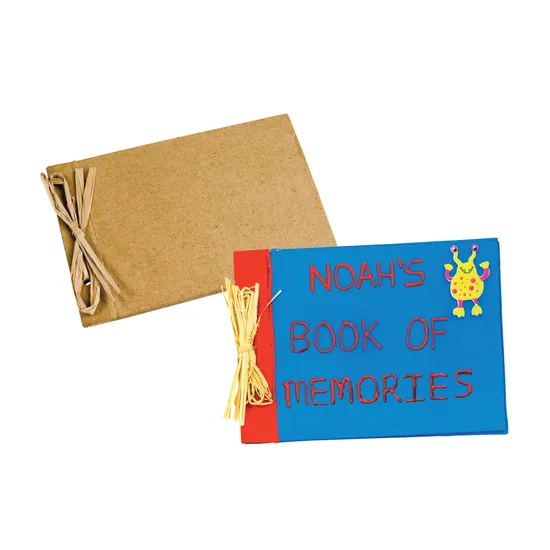 Small Papier Mache Scrapbook - Pack of 6 - Modern Teaching Aids NZ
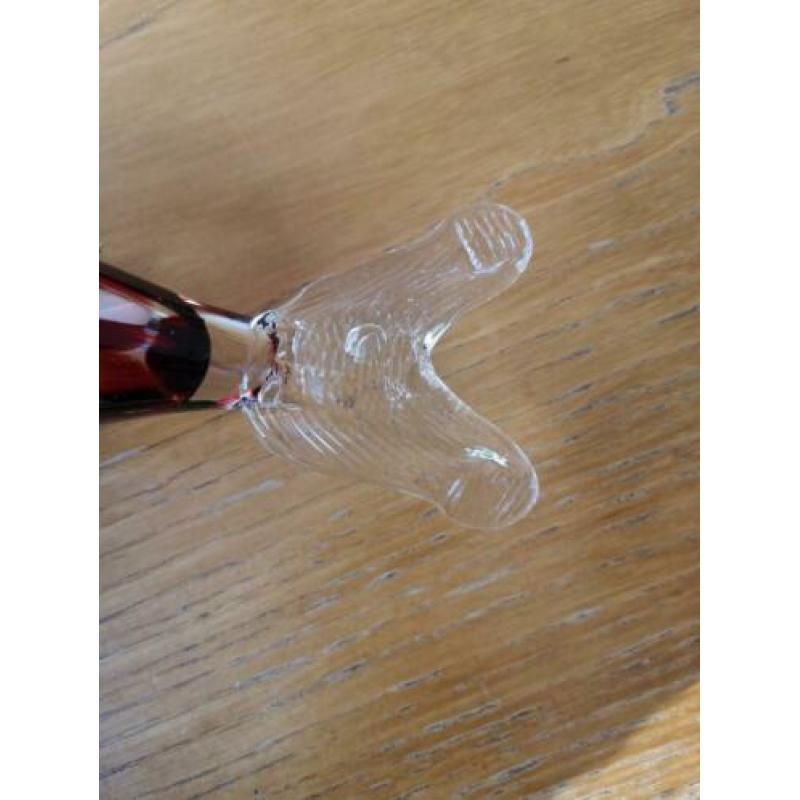 Vintage glas vis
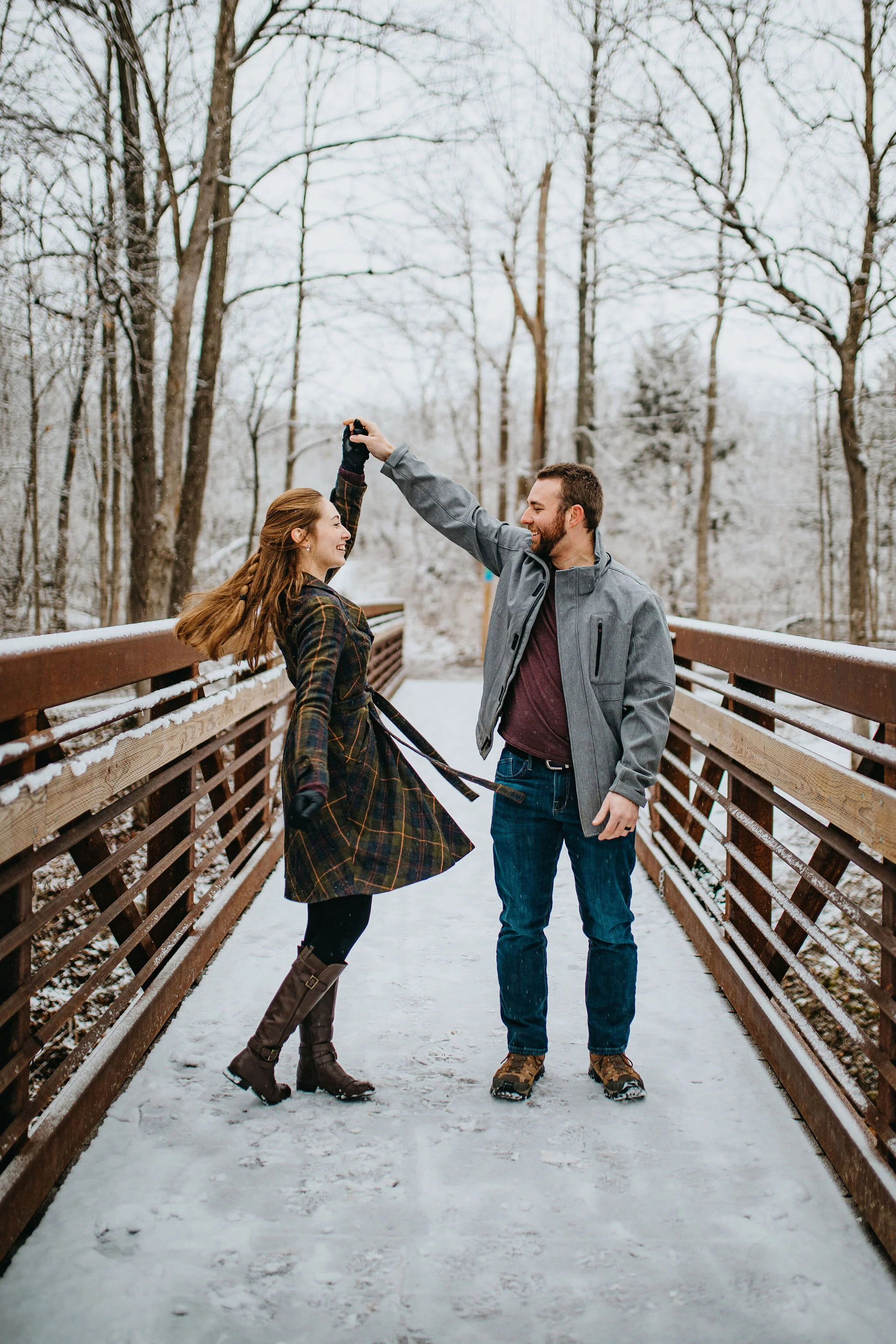 41. Kristin &amp; Evan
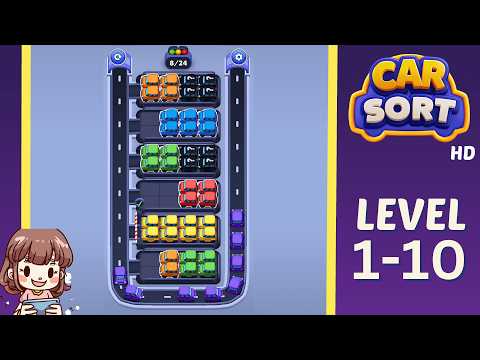 Levels 1–10 board preview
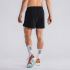 Fusion Run Shorts Schwarz herren  0265-BLK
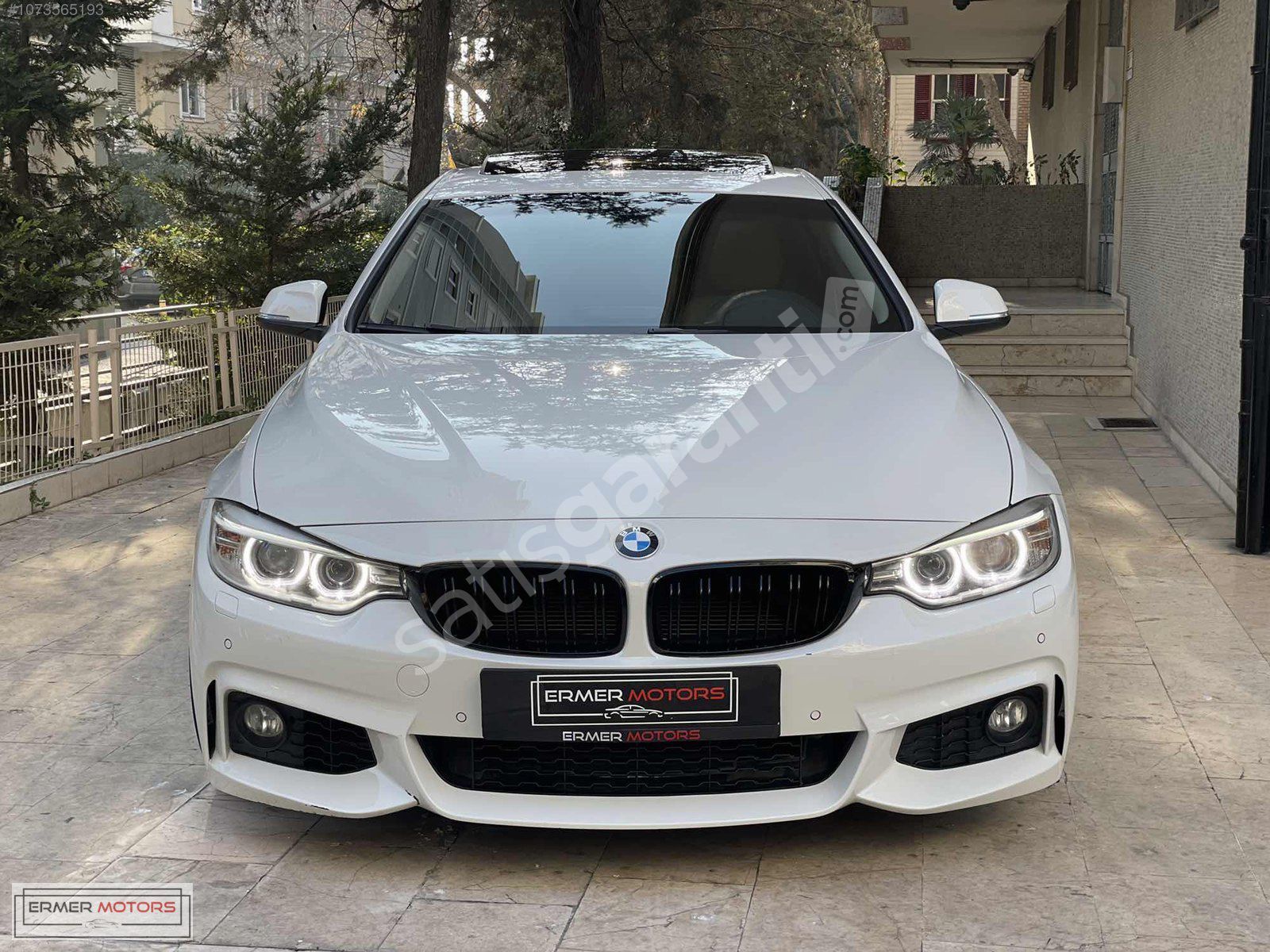 2015 BMW 4.18i GRANCOUPE DIŞ M-SPORT 135.000 KM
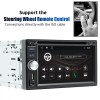 ESSGOO 6.2" Double DIN Bluetooth Head Unit Car Stereo Touch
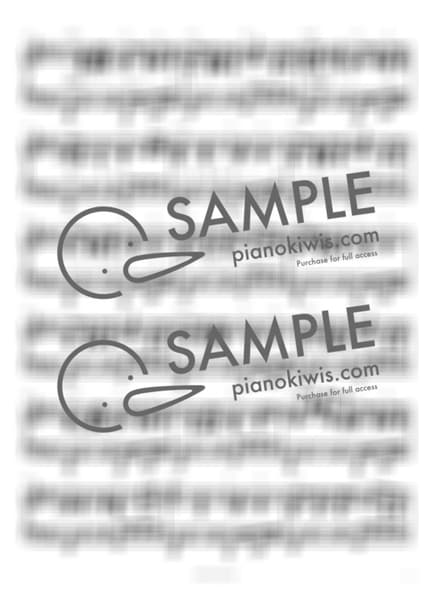 악보 > 마루노우치 새디스틱 (丸の内サディスティック) / 피아노 반주 - 시이나 링고 by 피아노정류장 악보 이미지-4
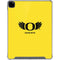 University of Oregon Ducks Yellow iPad Pro 12.9in (2020) Clear Case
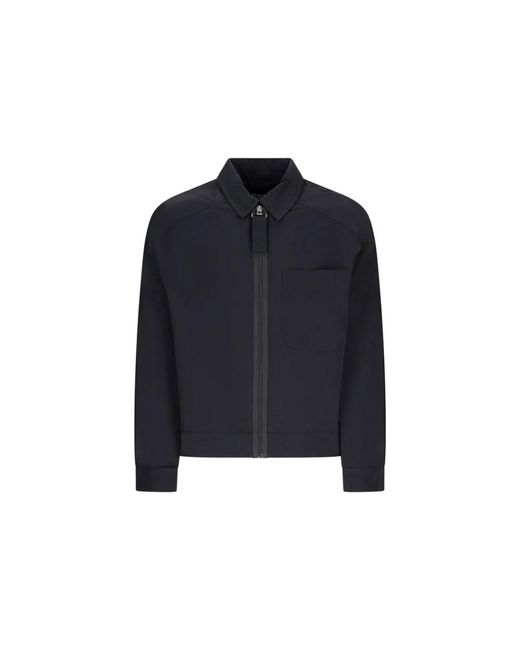 Jacquemus Blue Light Jackets for men
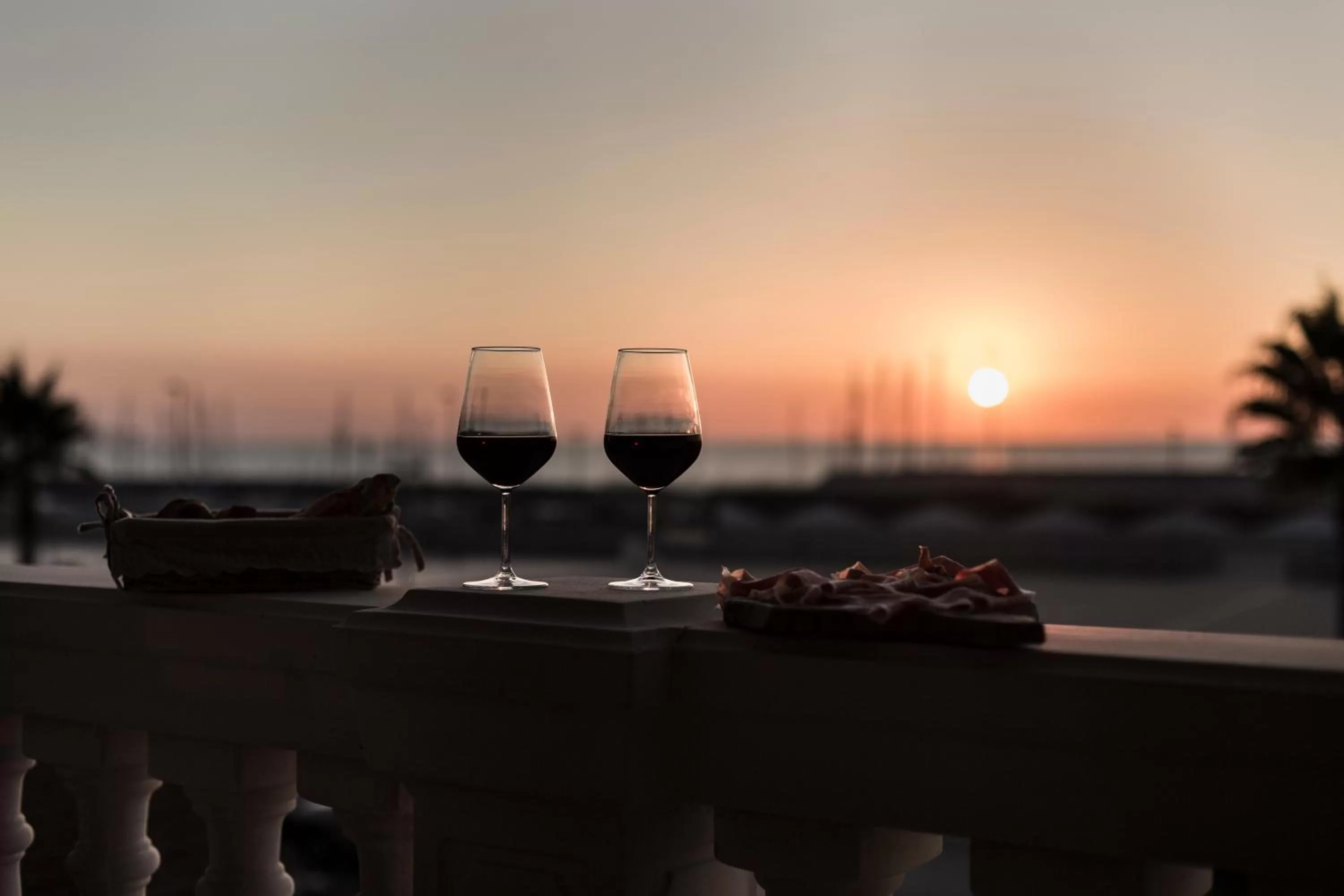 Balcony/Terrace in Residenza Santa Cecilia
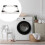 Stackable Washer Dryer Kit Having Hooks For Small Appliances 6
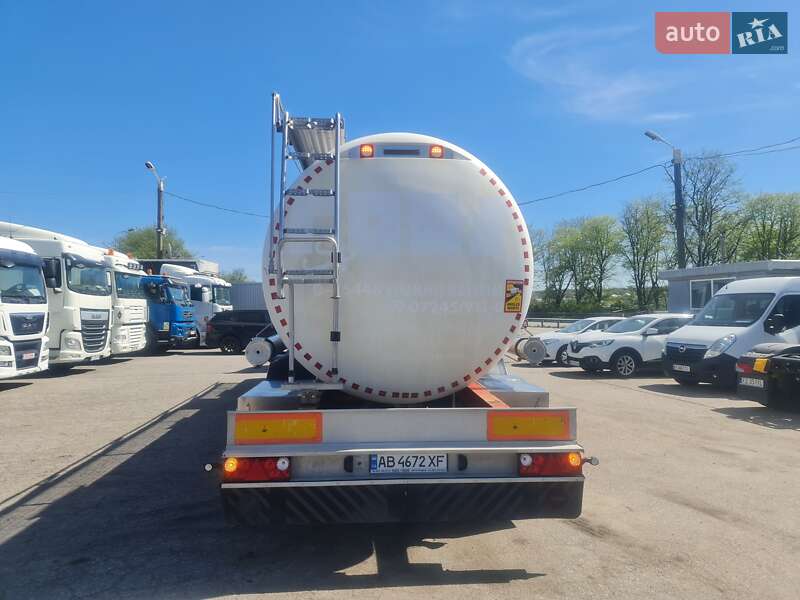 Цистерна полуприцеп Magyar SR34E 2000 в Виннице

• [Task to carry out]: All that is needed is the span from the line with "악보 > 마루노우치 새디스틱" through the last line of the material above, reproduced exactly and free of pictures.

• [Exercise result]:
 악보 > 마루노우치 새디스틱 (丸の内サディスティック) / 피아노 반주 - 시이나 링고 by 피아노정류장 악보 이미지-4
 University of Oregon Ducks Yellow iPad Pro 12.9in (2020) Clear Case
 Jacquemus Blue Light Jackets for men
 Balcony/Terrace in Residenza Santa Cecilia
 Stackable Washer Dryer Kit Having Hooks For Small Appliances 6
 Цистерна полуприцеп Magyar SR34E 2000 в Виннице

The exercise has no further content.